The funny e-mail exchanges that David Bowie had with Grohl

During a 2021 interview with Jimmy Fallon, Grohl talked about his collaboration with David Bowie on a track from his album “Heathen.” He invited Bowie to sing a song with him years later, but he got a weird response. Recalling the tale and elucidating Bowie’s quirky sense of humor, Dave Grohl said:

“He was in Los Angeles and I was asked by his guitarist if I wanted to come play drums on a song that he was recording. So I got to record with Bowie. i got to watch him step in front of a microphone, do one take perfectly and the sound out of his mouth was David Bowie, it absolutely blew my mind.”

“Then years later I was asked to do a song for a movie soundtrack. They didn’t want the Foo Fighters, they just wanted me. But I didn’t feel comfortable just doing a solo thing. So I thought ‘Oh, I will do an instrumental track and have someone else sing’. So I contacted Bowie and I said ‘Hey, listen to this thing. Maybe you’d like to sing on it.'”
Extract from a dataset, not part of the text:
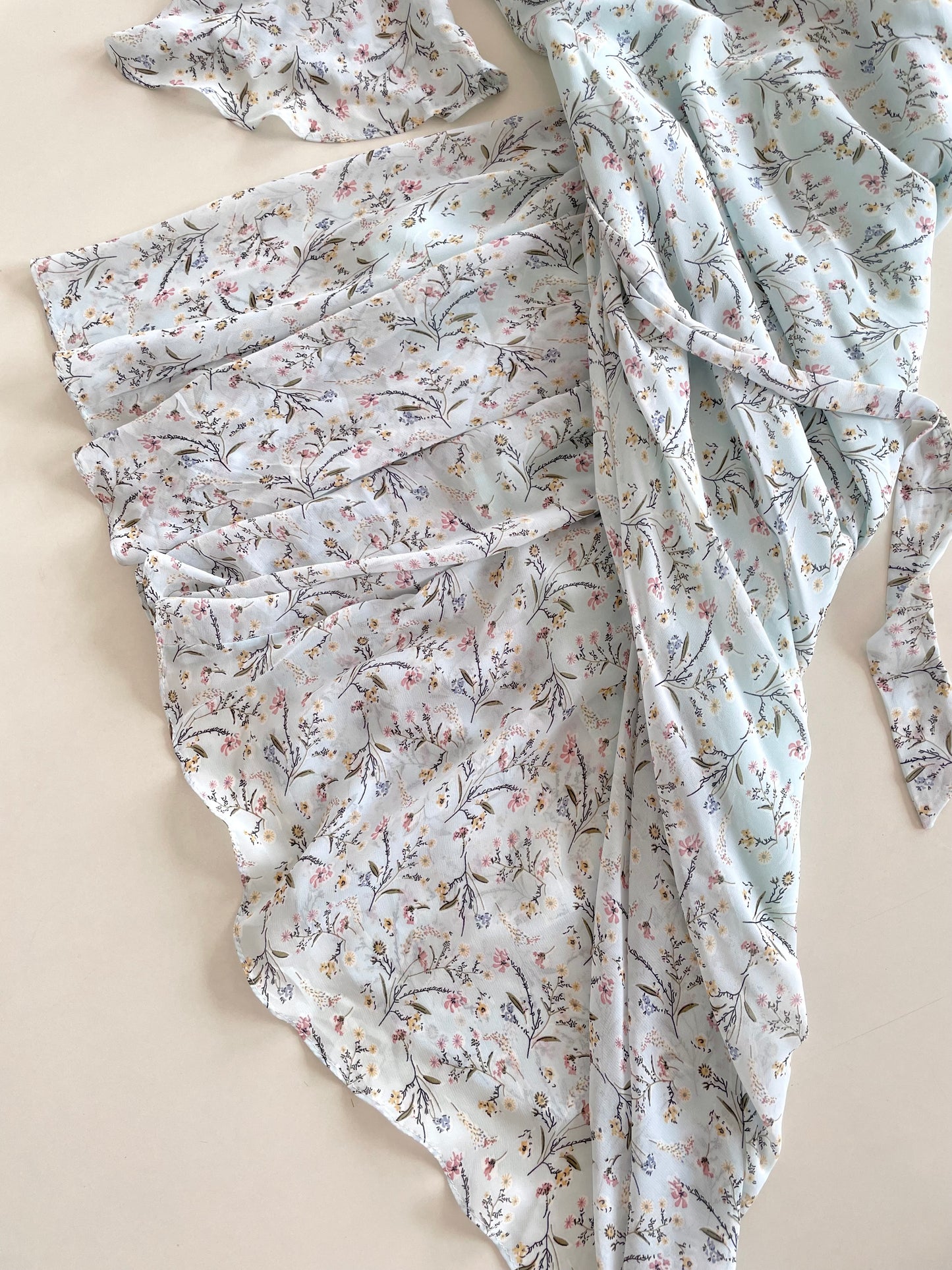 Powder Blue Dress-Bust 36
Time went by and I didn’t hear anything. Finally I got an e-mail back and he said ‘David, I like the instrumental, but this time…’ It was like a Marvel movie kind of thing. So he’s like ‘This is not really my trip, not my genre of film and stuff. I’d love to work with you at some point. But I don’t think that this is the time’. So I’m sitting in my living room reading this like ‘Oh my god, David Bowie writes e-mails”.

Dave continued, “This is blowing my mind right now’. So I immediatly e-mailed back something very polite, I don’t want to take up more of his time. So I said ‘Thanks for responding. I hope you’re well. Take care’. Then one minute later he e-mails back an says ‘Well, that’s settled then. Now f*ck off.’ And I’m like ‘Oh my god. Holy crap. David Bowie just told me to f*ck off’. So I e-mailed back and I hadn’t seen him (for a long time) and I said ‘Well, I guess I’ll see you in another 15 years’ and he goes ‘Not if I see you first'”

“I didn’t know (he was being funny). I was like ‘David Bowie thinks I’m and asshole! So we went back and forth until I realized ‘Oh, he is just being funny!’. He was an incredible guy, we wound up having these really funny e-mail exchanges just out of the blue. Like he would e-mail me like in June and say ‘Well, happy new year’ and I’d be like ‘What?’ So then we’d go back and forth and I’d say ‘Drink someday, yes?’ and he would say ‘ I will, thanks!”

With an estimated 100 million recordings sold globally, Dave Bowie is not just among the most influential performers in history but also among the best-selling musicians of all time. David Byrne of Talking Heads gave him his induction into the Rock and Roll Hall of Fame back in 1996.